AlgorithmCompetitive RatioStrategy
LRUkEvict Least Recently Used
FIFOkEvict First In First Out
LFUNot competitiveEvict Least Frequently Used
LFD (offline)OptimalEvict page used farthest in future
from collections import OrderedDict

class LRUCache:
    """Least Recently Used cache — k-competitive online algorithm."""
    
    def __init__(self, capacity):
        self.capacity = capacity
        self.cache = OrderedDict()
    
    def access(self, page):
        if page in self.cache:
            self.cache.move_to_end(page)  # Mark as recently used
            return True  # Cache hit
        
        # Cache miss — evict LRU if full
        if len(self.cache) >= self.capacity:
            self.cache.popitem(last=False)  # Remove least recently used
        
        self.cache[page] = True
        return False  # Cache miss

def simulate_paging(requests, cache_size, algorithm='lru'):
    cache = LRUCache(cache_size)
    misses = 0
    for page in requests:
        if not cache.access(page):
            misses += 1
    return misses

requests = [1, 2, 3, 4, 1, 2, 5, 1, 2, 3, 4, 5]
print(f"LRU misses (k=3): {simulate_paging(requests, 3)}")  # k-competitive

Load Balancing — List Scheduling

Setting: m machines, n jobs with processing times p₁, p₂, ..., pₙ arriving online. Assign each job to a machine to minimize makespan (max completion time).

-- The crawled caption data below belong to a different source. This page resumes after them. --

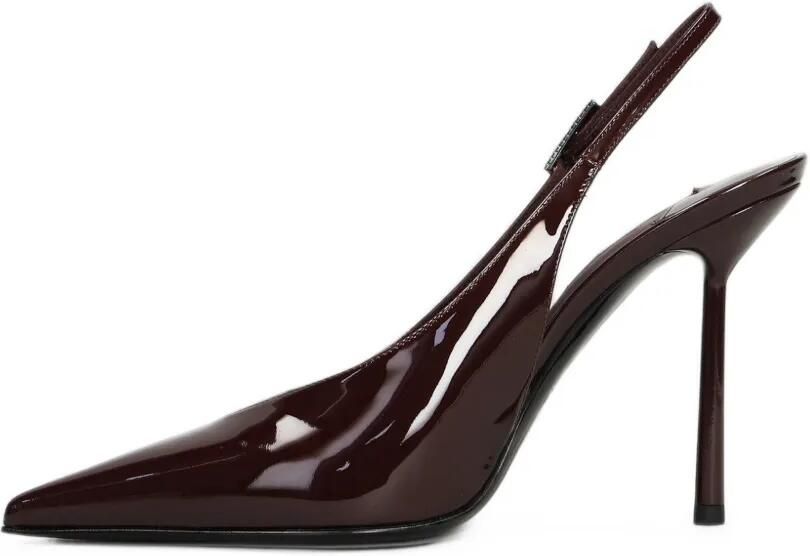 Le Silla Clivage patent-finish crystal-embellished slingback pumps Rood - Foto 5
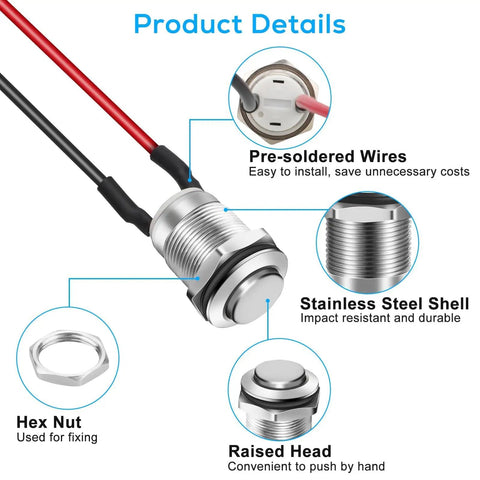 12mm Momentary Push Button Switch Kit, 10 Pack, Waterproof, Prewired Mini Round Power Buttons for Cars and Boats, Marine Use, DC 12V 2A image.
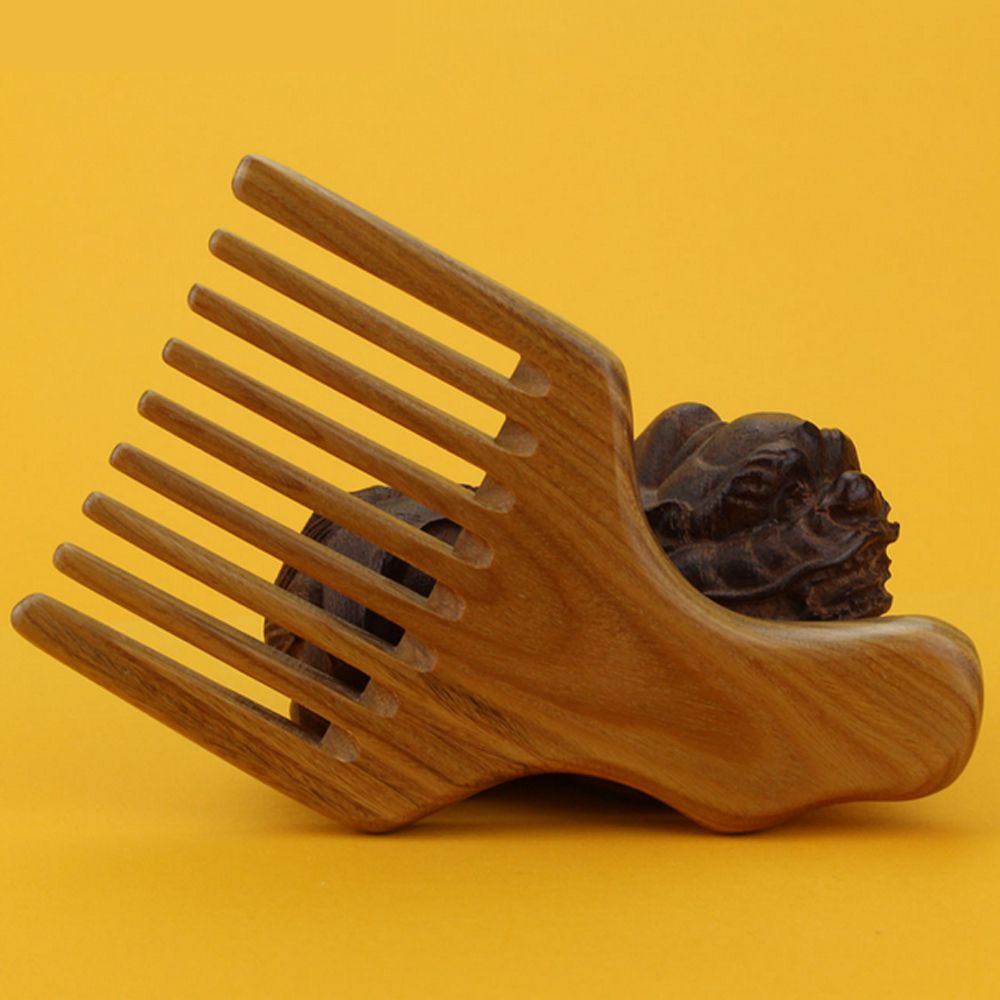 Wood Afro Comb Pick Upright Wide Tooth Curly Hair Pick No Static Wooden
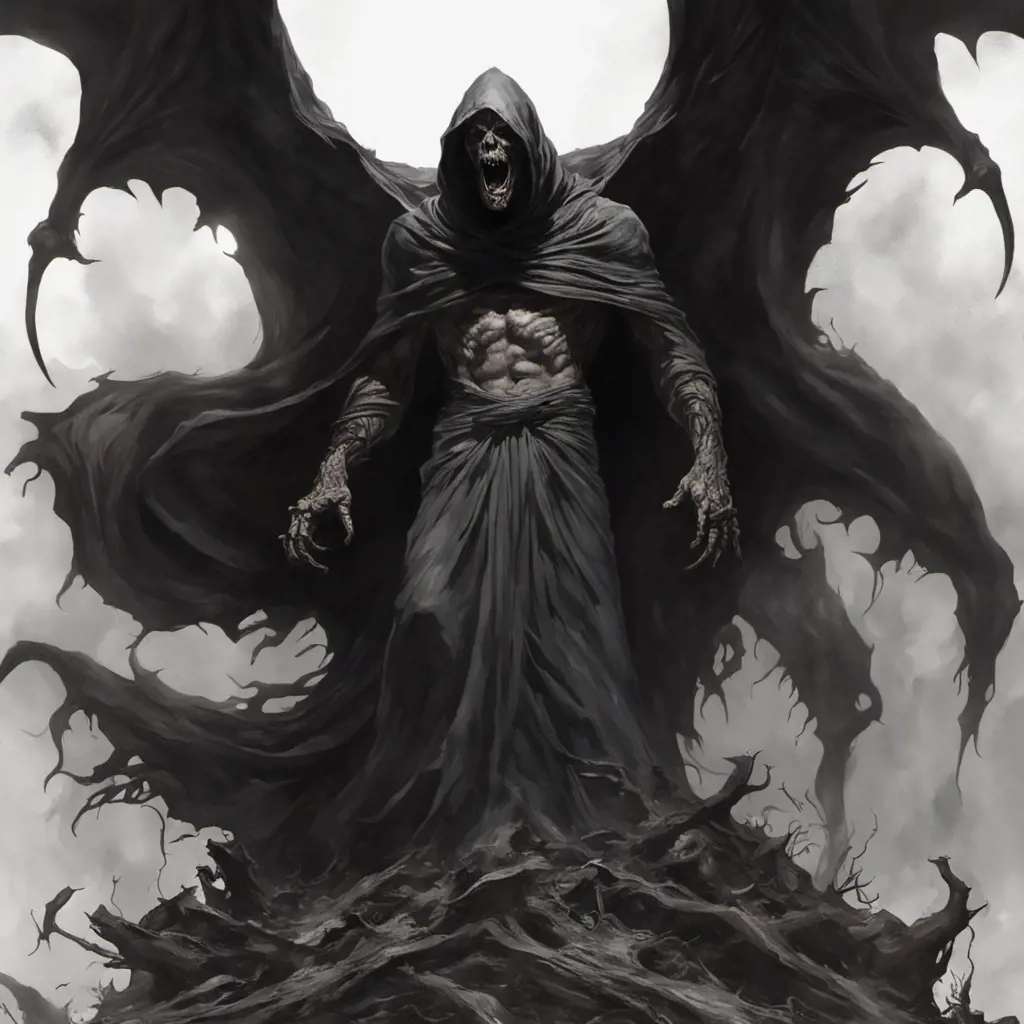 Face a dementor with a reaped and scary tunica in hell, above a pile of corpses, dark and scary night, realistic, detailed, horror, spooky, terror, 8k, Gothic and Fantasy, Elden Ring, Photo Realistic, Dynamic Lighting by Stanley Artgerm Lau, Greg Rutkowski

Algorithm: Assign each job to the machine with current minimum load (LPT if sorted, List if not).

Competitive ratio of List Scheduling: (2 - 1/m)

import heapq

def list_scheduling(jobs, m):
    """List scheduling: assign each job to least loaded machine."""
    # Min-heap: (current_load, machine_id)
    machines = [(0, i) for i in range(m)]
    heapq.heapify(machines)
    
    assignment = []
    for job in jobs:
        load, machine = heapq.heappop(machines)
        assignment.append(machine)
        heapq.heappush(machines, (load + job, machine))
    
    return assignment, max(load for load, _ in machines)

jobs = [6, 5, 5, 4, 4, 3, 3, 1]
assignment, makespan = list_scheduling(jobs, 3)
print(f"Makespan: {makespan}")  # Competitive approximation

The Secretary Problem

Setting: Interview n candidates one by one in random order. After each interview, immediately accept or reject. Goal: maximize probability of hiring the best candidate.

Optimal strategy (Optimal Stopping):

  1. Reject the first n/e ≈ 37% of candidates (observation phase)
  2. Hire the first candidate better than all seen so far

Result: This strategy succeeds with probability ≈ 1/e ≈ 37%, regardless of n.

import random
import math

def secretary_problem(candidates):
    """Optimal stopping: observe 1/e then hire first improvement."""
    n = len(candidates)
    observe = max(1, int(n / math.e))
    
    # Observation phase — reject first observe candidates
    best_so_far = max(candidates[:observe])
    
    # Hiring phase — hire first candidate better than observation phase
    for candidate in candidates[observe:]:
        if candidate > best_so_far:
            return candidate
    
    # Fallback: hire last candidate
    return candidates[-1]

# Simulation
trials = 100000
success = 0
for _ in range(trials):
    n = 100
    candidates = list(range(1, n+1))
    random.shuffle(candidates)
    hired = secretary_problem(candidates)
    if hired == n:  # Hired the best (rank n)
        success += 1

print(f"Success rate: {success/trials:.3f} (expected ~0.368)")

Practice Problems

  1. Prove that no deterministic online algorithm for ski rental can be better than 2-competitive
  2. Simulate LRU vs FIFO on the request sequence [1,2,3,4,2,5,1,3,6,2,4,7] with k=3
  3. Show that Deterministic List Scheduling achieves ratio (2-1/m) with an explicit bad instance
  4. Implement the secretary problem simulation and verify the ~37% success rate
  5. What is the competitive ratio of "always serve nearest" for the online k-server problem on a line?